AIM OF THE TASK — Reproduce the listing below from the line with "Oblon din lemn" to the line with "248 Carlisle Dr, Miami Springs FL 33166", both lines included, character for character, minus any pictures.

SOURCE RECORDS —
>>>
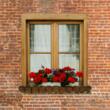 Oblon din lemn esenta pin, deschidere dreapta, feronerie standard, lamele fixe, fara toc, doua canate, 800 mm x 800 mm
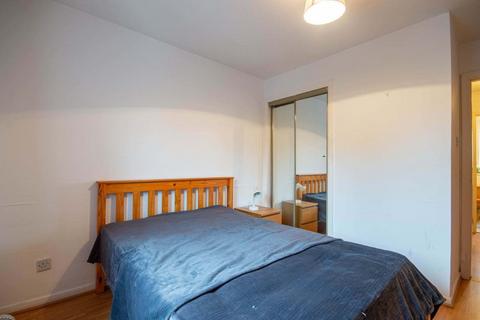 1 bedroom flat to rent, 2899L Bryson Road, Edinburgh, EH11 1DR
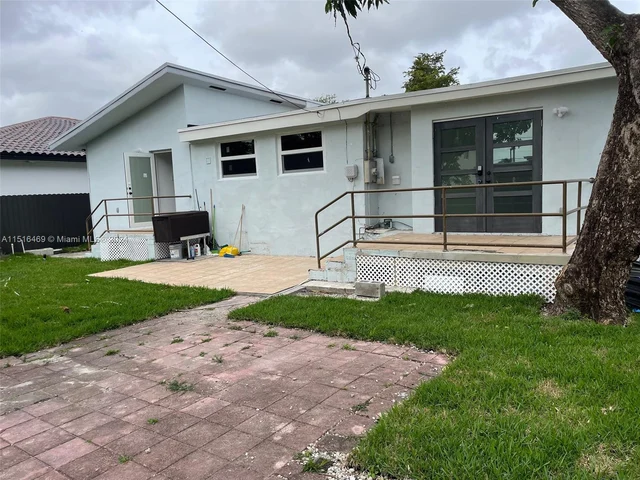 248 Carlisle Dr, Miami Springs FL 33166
<<<
>>>
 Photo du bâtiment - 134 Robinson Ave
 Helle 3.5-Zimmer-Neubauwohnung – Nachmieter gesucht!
<<<
>>>
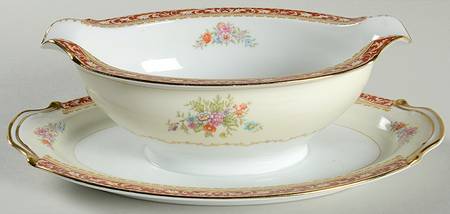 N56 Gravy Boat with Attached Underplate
<<<
YOUR RESPONSE —
 Oblon din lemn esenta pin, deschidere dreapta, feronerie standard, lamele fixe, fara toc, doua canate, 800 mm x 800 mm
 1 bedroom flat to rent, 2899L Bryson Road, Edinburgh, EH11 1DR
 248 Carlisle Dr, Miami Springs FL 33166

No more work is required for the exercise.